Obesity linked with starting puberty earlier in boys

New research has linked obesity with earlier puberty in boys.

New researchers has found that boys, and not only girls, may start puberty earlier than average if they are obese.

Carried out by researchers from the University of Chile in Santiago, the new study looked at 527 Chilean boys ages 4 to 7 years.

The researchers measured their total body obesity using body mass index (BMI), as well as central obesity, or excess belly fat, by measuring the waistline.

To assess when puberty started the researchers used a standard measure for boys. 

The findings, which were presented on Sunday at ENDO 2019, the Endocrine Society's annual meeting in New Orleans, USA., showed that both total obesity and central obesity increased the chance of early puberty, compared with having a healthy weight. 

For example, at age five or six, boys with total obesity had nearly 2.7 times higher odds of starting puberty early before age nine, and those with central obesity had almost 6.4 higher odds.

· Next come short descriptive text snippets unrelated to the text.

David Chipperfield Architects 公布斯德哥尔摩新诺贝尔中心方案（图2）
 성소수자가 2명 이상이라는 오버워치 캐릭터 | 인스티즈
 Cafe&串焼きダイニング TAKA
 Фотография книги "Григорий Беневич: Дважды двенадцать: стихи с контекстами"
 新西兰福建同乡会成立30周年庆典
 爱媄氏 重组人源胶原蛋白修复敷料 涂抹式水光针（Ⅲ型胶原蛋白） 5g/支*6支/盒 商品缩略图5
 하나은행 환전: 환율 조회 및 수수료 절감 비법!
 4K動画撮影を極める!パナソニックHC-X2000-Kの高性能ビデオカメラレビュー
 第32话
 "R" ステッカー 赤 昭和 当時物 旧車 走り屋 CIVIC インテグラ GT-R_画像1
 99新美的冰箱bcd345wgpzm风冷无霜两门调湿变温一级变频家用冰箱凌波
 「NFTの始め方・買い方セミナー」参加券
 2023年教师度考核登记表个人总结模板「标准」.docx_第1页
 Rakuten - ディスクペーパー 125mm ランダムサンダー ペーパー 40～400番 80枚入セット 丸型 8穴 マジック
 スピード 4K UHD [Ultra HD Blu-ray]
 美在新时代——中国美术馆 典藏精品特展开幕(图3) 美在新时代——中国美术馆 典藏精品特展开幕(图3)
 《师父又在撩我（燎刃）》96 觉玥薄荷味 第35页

The average age at onset of puberty for this group was 11.4 years.

Lead investigator, Maria Veronica Mericq, M.D. explained that central obesity may increase the risk of early puberty even more than total obesity as central obesity is more closely related to fat mass, whereas a higher BMI, the measurement used for total obesity, can reflect increased muscle not just fat, especially in athletes.

Previous studies have shown that obesity is linked to an earlier puberty in girls, but the findings from studies on boys have been less clear. 

Some studies have found that both being overweight and obesity delay puberty in boys, while others have linked being overweight, but not obese, to earlier puberty.

"With the increase in childhood obesity worldwide, there has been an advance in the age at which puberty begins in girls. However, in boys the evidence has been controversial," said Mericq.

"Early puberty might increase the risk of behavior problems and in boys could be related to a higher incidence of testicular cancer in adulthood. Our results suggest that controlling the obesity epidemic in children could be useful in decreasing these risks."